_EXERCISE PROMPT:_ Once you find the line with "for cooperation Official" in the data below, transcribe exactly each line from there to the line with "5 Tier Vertical", inclusive, and nothing else. Drop the pictures.

_DATASET EXTRACT:_
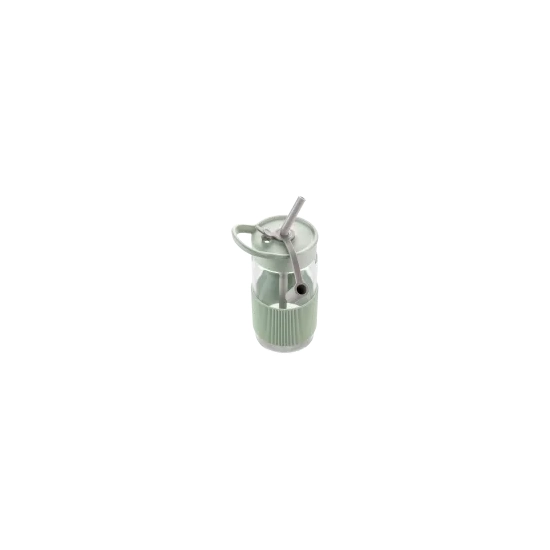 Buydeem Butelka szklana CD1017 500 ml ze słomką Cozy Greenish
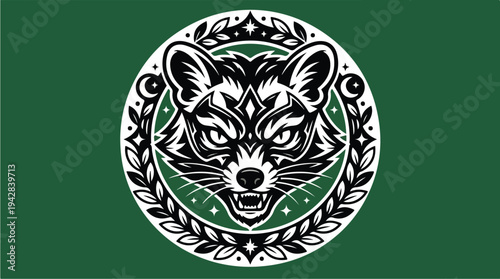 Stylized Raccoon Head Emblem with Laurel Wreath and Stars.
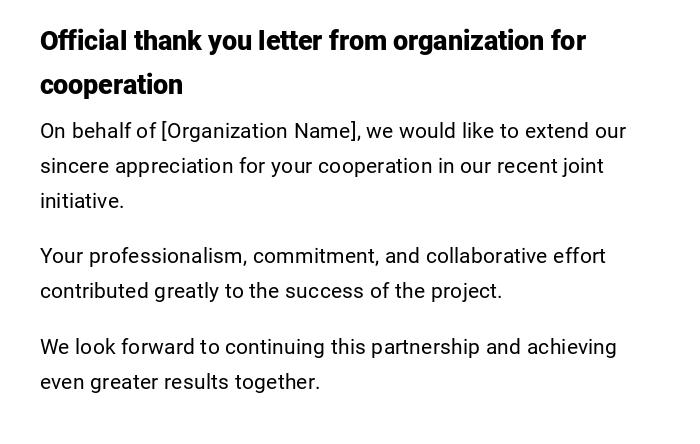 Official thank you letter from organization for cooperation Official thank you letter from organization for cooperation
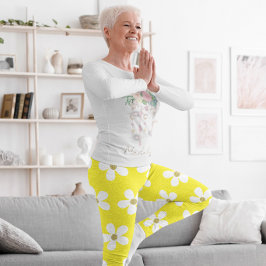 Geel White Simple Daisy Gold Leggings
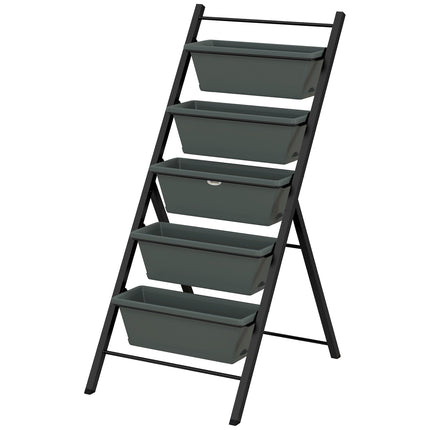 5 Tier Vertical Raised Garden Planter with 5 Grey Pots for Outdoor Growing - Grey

==

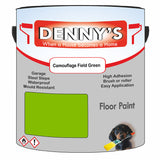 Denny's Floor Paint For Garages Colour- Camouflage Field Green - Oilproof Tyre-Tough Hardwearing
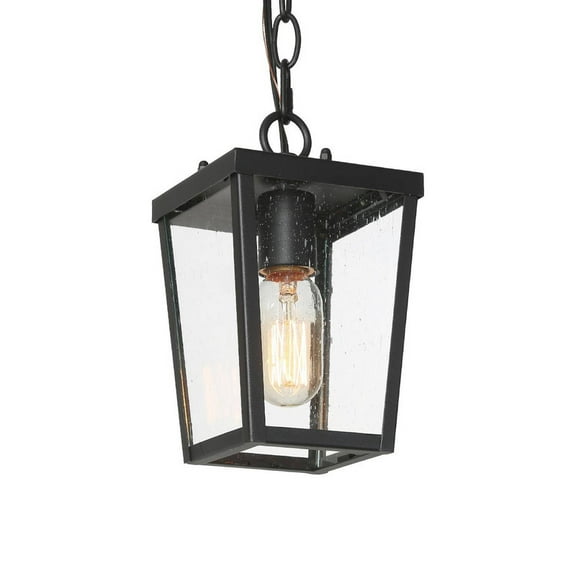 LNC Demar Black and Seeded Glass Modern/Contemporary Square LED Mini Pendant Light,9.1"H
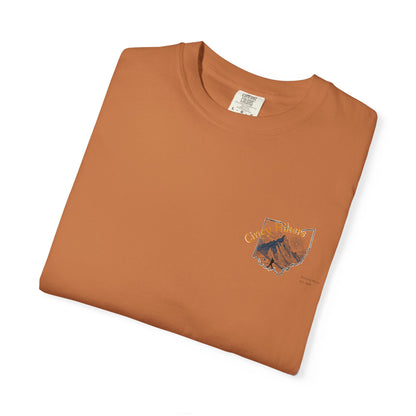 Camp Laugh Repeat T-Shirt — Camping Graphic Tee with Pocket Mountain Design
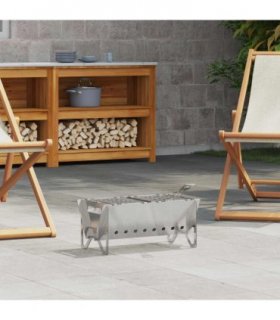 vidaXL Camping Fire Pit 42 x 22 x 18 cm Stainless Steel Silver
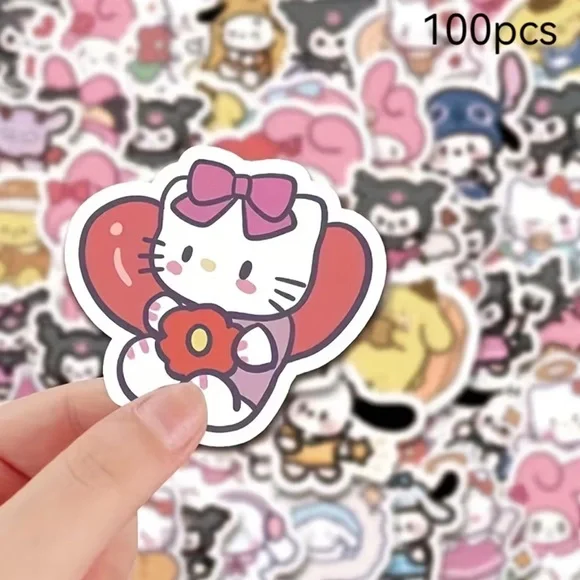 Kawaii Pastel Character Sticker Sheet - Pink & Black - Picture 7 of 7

==

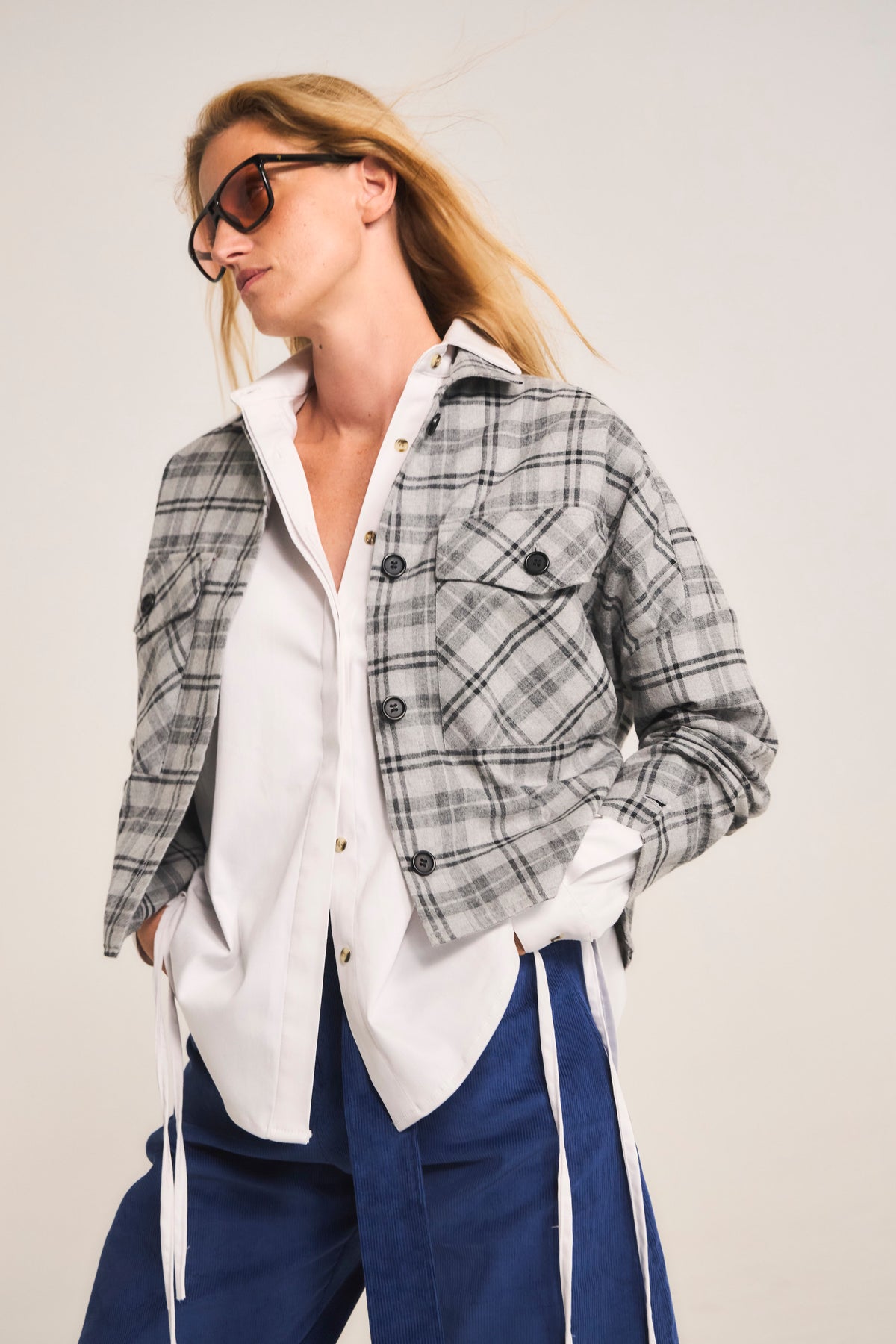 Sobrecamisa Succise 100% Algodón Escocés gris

_ANSWER BELOW:_
 Official thank you letter from organization for cooperation Official thank you letter from organization for cooperation
 Geel White Simple Daisy Gold Leggings
 5 Tier Vertical Raised Garden Planter with 5 Grey Pots for Outdoor Growing - Grey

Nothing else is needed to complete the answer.